This article first appeared on 8.4.08 on digitalhealth.net.
I’ve been involved in some meetings with our local acute trust about a shared, computerised diabetes health record. Things seem to be going well, so I thought I’d share some of my thoughts about why that is the case.
There has been local talk of a shared, computerised diabetes record for about eight years, but it has never seemed as likely to happen as it does now.
The idea was previously hindered by a lack of understanding about what would be gained from having a record. Indeed, there was some feeling that secondary care just wanted primary care’s data for its own purposes, so all the information would go one way.
We have two new consultants who are IT literate and are championing the cause. They want to record their own consultations electronically and share information in the most efficient manner.
They have made it clear that they see this as a two-way process. They are keen for their information to come to our records and would like access to the relevant bits of ours. The fact they can see the benefits and are willing to be open and to share is driving the process, which has built up real momentum.
There have been several demonstrations from different companies, and at each demo we have had to have not just the consultants, but diabetic specialist nurses, podiatrists, dieticians, opticians, GPs (me) and all the appropriate IT people.

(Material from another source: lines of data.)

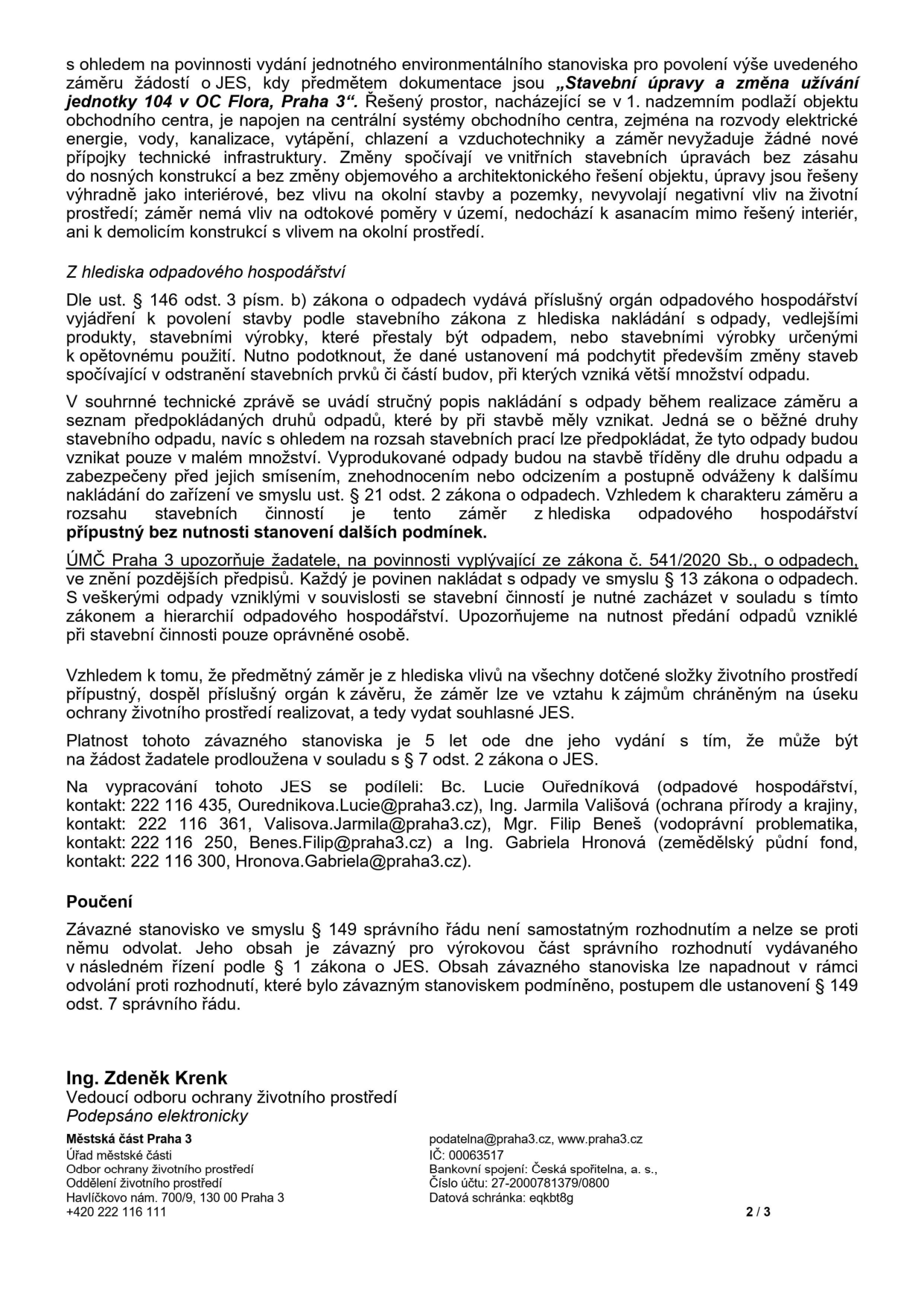 Úřední dokument (strana 2/3) týkající se jednotného environmentálního stanoviska (JES) pro záměr 'Stavební úpravy a změna užívání jednotky 104 v OC Flora, Praha 3'. Dokument obsahuje: 1. Odůvodnění: záměr nevyžaduje nové přípojky, nemá vliv na okolí ani odtokové poměry. 2. Z hlediska odpadového hospodářství: záměr je přípustný bez nutnosti dalších podmínek, odpady budou tříděny a předávány oprávněné osobě dle zákona č. 541/2020 Sb. 3. Závěr: záměr je přípustný, platnost stanoviska je 5 let. 4. Kontakty: Bc. Lucie Ouředníková (odpadové hospodářství, 222 116 435, Ourednikova.Lucie@praha3.cz), Ing. Jarmila Vališová (ochrana přírody a krajiny, 222 116 361, Valisova.Jarmila@praha3.cz), Mgr. Filip Beneš (vodoprávní problematika, 222 116 250, Benes.Filip@praha3.cz), Ing. Gabriela Hronová (zemědělský půdní fond, 222 116 300, Hronova.Gabriela@praha3.cz). 5. Poučení: stanovisko není samostatným rozhodnutím. 6. Podpis: Ing. Zdeněk Krenk, vedoucí odboru ochrany životního prostředí, Městská část Praha 3, Havlíčkovo nám. 700/9, 130 00 Praha 3, podatelna@praha3.cz, www.praha3.cz, IČ: 00063517.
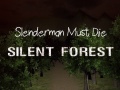 Oyun Slenderman Must Die: Silent Forest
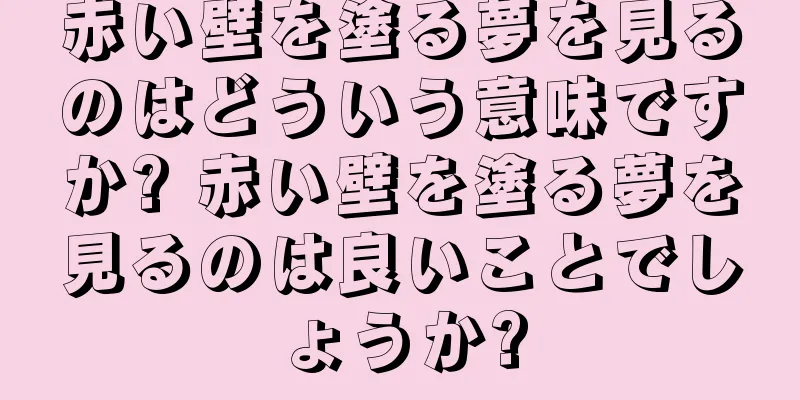 赤い壁を塗る夢を見るのはどういう意味ですか? 赤い壁を塗る夢を見るのは良いことでしょうか?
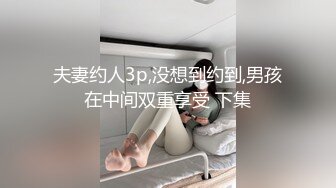 夫妻约人3p,没想到约到,男孩在中间双重享受 下集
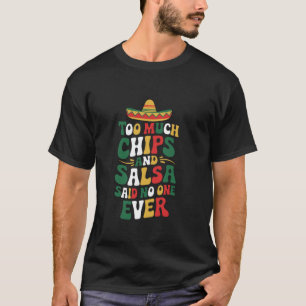 T-shirt Amateur de nourriture mexicaine Trop de chips et d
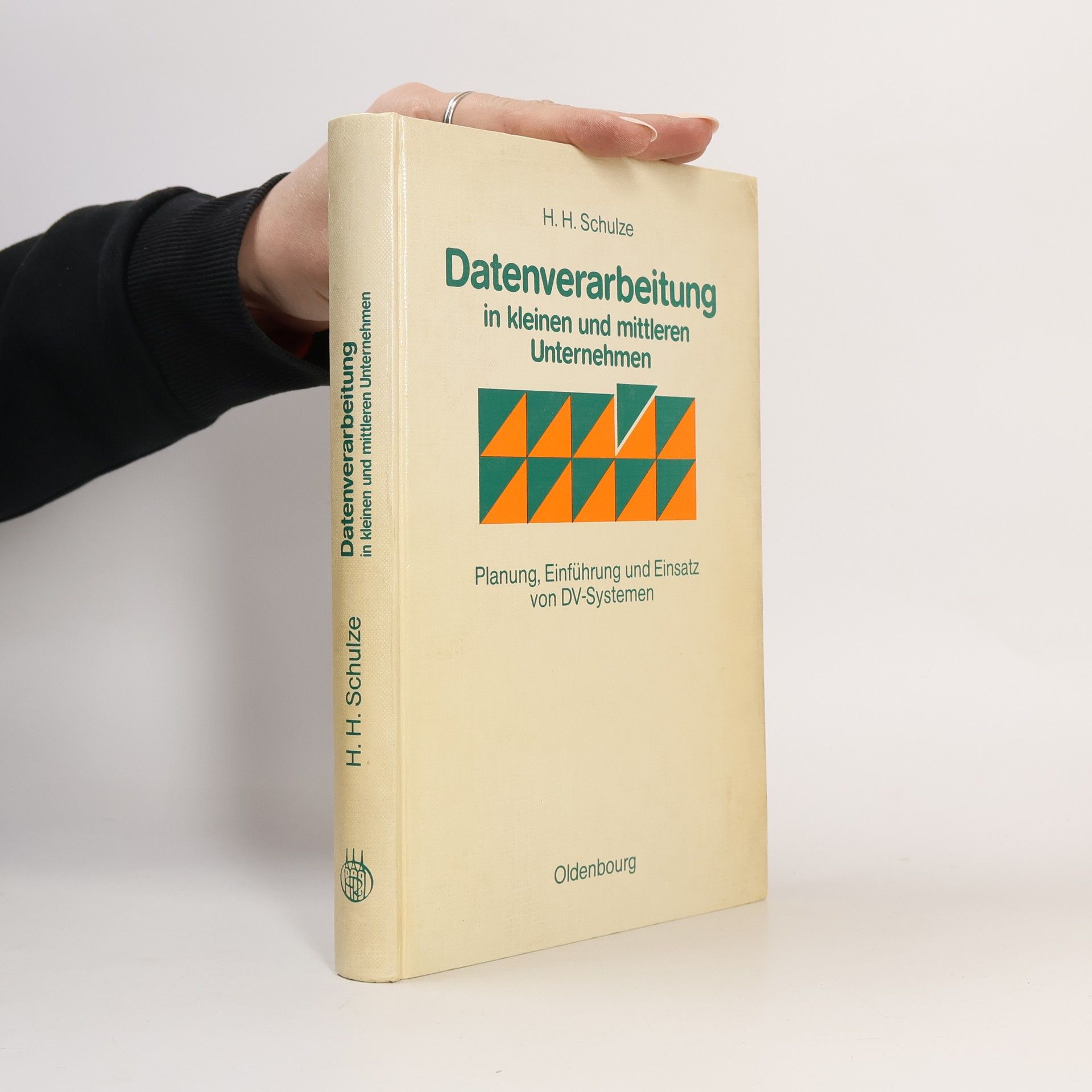 Hans Herbert Schulze Datenverarbeitung in kleinen und mittleren Unternehmen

Although this is very time consuming and difficult to coordinate, it is right and proper to have all these people present – after all, they are going to have to use the new system and they all have a view.
It is amazing how many times someone at the back of the room comes up with a question that has great relevance. So although it is expensive I am convinced that it will, in time, make implementation easier.
No one wants pain without gain. We want each user to only have to input information once into a system that is designed for them and that is specific to their professional way of working.
We also want a system that only presents information relevant to the user. Nothing is worse than being forced to double enter information or keep paper records as well as electronic versions because the computer won’t record things your way. Except, perhaps, having a record cluttered with other people’s entries, which are meaningless to you.
It is very easy to get sucked into sales talks and future developments and to lose sight of the vision and what you are trying to deliver initially. By continually coming back to the vision, we stay on track.
However, it is amazing how long the process can take. Just seeing all the suppliers has taken months. How some of the national projects have such short timescales amazes me.
I went to an EMIS conference recently where the company stated that it has realised it cannot be everything to everyone. Instead, it took a decision a while ago to interoperate as much as possible.
This is very relevant to our local discussions about a diabetes record, as we have had meetings at which it looks as if one party’s solution could almost do for everyone – but with compromises.
It has become clear that we are never going to get so many different parties to agree to use the same system, and that going down this route would give too much power to one group that is refusing to cooperate. If everyone can use their own best system, that will be fine – as long as they talk to each other.
Are there any bigger messages from our local discussions? It might be worth reflecting on whether all the national IT projects are just as clinically driven, well led by opinion formers, keen to take all views into account and similarly realistic about what is possible and how long it will take.
Another point to emphasise is that reorganising the NHS while you are trying to get a project up and running just makes it harder. Locally, our PCT boundaries have been redrawn three times in as many years.
This just makes all the staff unsettled, anxious for their jobs and unwilling to commit to anything, as they don’t know if they will be around in six months’ time; which makes it hard to deliver on a long-term project.